Implementation of half-cycle trignometric functions

Sat Apr 29 20:13:01 UTC 2017

On Sat, 29 Apr 2017, Steve Kargl wrote:

> On Sat, Apr 29, 2017 at 08:19:23PM +1000, Bruce Evans wrote:
>. ...
>> Using the standard kernels is easy and works well:
>
> As your code only works on the interval [0,0.25], I took
> the liberty to use it as a __kernel_sinpi and __kernel_cospi.

You already wrote the reduction part, and lgamma already has it to.

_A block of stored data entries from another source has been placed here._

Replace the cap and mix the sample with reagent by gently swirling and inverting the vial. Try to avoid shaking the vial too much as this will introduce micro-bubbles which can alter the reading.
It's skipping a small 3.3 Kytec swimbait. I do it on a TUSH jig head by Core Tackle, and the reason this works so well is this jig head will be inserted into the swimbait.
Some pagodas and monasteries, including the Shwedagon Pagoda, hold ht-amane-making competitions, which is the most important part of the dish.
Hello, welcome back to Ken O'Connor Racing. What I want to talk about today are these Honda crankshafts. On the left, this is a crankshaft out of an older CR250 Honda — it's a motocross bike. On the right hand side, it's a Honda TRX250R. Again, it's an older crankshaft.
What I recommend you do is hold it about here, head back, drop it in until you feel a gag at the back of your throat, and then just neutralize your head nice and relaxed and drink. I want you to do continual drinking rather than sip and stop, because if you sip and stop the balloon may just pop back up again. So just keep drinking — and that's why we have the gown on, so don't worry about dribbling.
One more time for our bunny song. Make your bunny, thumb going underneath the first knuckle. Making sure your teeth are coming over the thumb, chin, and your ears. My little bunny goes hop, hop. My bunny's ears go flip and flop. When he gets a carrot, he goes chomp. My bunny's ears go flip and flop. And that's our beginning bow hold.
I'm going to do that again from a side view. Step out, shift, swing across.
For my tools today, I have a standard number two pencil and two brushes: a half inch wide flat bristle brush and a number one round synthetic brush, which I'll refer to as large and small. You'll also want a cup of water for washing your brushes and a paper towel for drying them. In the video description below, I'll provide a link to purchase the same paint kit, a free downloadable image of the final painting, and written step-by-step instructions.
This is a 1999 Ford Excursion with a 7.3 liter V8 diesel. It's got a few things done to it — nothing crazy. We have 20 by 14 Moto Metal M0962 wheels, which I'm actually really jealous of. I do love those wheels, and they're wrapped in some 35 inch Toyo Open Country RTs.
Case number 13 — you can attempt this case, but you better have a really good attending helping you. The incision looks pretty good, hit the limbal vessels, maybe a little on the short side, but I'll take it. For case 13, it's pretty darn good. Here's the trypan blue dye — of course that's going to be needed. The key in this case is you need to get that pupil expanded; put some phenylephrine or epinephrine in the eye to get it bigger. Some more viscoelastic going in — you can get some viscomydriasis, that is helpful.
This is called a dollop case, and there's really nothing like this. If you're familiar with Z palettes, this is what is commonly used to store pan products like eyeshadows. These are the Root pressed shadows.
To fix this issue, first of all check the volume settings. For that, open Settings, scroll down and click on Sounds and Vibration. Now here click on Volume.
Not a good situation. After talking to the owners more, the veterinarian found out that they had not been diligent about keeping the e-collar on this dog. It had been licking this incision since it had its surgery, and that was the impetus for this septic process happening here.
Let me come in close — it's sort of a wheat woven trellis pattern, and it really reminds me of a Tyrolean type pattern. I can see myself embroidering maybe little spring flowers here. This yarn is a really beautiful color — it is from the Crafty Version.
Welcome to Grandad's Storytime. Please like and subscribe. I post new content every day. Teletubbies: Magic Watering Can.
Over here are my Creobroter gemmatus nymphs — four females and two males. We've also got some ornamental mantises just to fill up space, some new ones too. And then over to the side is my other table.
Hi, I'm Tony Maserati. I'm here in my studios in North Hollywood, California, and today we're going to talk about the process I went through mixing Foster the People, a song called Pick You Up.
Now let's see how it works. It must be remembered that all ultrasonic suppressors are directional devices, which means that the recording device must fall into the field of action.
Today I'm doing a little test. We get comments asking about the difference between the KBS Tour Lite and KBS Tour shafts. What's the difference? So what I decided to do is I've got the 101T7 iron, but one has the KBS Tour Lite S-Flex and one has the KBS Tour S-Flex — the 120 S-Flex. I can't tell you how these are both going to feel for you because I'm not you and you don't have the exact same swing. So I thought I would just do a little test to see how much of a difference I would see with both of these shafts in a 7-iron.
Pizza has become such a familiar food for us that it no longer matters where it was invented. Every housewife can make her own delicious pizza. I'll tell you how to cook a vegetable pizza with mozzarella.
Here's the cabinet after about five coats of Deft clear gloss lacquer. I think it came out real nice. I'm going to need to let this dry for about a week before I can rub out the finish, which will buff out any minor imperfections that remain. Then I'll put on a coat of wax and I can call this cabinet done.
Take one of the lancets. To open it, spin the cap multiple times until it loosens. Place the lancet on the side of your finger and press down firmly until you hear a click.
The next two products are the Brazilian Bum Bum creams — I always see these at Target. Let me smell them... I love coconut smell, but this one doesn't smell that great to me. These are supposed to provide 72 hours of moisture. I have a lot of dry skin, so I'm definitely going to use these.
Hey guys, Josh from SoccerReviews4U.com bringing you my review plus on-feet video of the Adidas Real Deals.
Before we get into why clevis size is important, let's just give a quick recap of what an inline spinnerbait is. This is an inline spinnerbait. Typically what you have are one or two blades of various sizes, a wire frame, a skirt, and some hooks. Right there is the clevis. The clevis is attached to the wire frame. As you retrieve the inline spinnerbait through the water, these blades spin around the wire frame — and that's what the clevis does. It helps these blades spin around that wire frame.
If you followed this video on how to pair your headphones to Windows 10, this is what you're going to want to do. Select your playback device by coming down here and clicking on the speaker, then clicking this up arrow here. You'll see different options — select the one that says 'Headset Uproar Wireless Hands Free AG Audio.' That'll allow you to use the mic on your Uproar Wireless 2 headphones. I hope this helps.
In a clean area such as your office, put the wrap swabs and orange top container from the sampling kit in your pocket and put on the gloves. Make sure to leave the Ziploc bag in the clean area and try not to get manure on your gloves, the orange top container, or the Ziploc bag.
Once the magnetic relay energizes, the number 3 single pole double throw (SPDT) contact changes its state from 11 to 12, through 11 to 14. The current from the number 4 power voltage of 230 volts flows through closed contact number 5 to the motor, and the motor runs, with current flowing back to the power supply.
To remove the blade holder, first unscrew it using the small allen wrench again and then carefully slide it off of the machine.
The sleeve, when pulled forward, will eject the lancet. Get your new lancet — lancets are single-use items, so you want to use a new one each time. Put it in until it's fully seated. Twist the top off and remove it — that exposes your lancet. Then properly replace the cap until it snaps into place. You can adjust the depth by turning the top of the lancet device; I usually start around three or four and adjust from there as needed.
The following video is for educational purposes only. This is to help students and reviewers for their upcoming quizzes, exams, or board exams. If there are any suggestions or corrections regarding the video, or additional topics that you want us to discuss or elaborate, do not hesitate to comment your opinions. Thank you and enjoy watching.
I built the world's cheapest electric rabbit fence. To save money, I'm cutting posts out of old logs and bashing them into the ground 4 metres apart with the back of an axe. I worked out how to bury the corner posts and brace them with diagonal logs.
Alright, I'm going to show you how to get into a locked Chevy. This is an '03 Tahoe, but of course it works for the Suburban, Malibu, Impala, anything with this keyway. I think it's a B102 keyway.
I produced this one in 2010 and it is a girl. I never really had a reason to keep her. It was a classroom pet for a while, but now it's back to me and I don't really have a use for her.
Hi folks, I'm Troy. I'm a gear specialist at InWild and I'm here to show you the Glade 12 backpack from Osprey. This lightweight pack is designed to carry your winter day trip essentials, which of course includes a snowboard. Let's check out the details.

I just checked lgamma.  Its reduction part is short (especially
after your improvements to it).  Then it is sloppy and doesn't
caclulate Pi*x in extra precision.  I think this is justified since
lgamma generally has errors much larger than 1 ulp.  it does some
micro-optimizations involving minus signs.  There is some danger that
with the kernels inline, the compiler will generate large inline
code for multiple copies whose difference is just the placement of
a single instruction to do the negation.  If this is an optimization,
then it is small.

>
>> XX double
>> XX cospi(double x)
>> XX {
>> XX 	double_t hi, lo;
>
> If sizeof(double_t) indicates what I think it means,
> This is slow on my Core2 duo (aka ia32 system).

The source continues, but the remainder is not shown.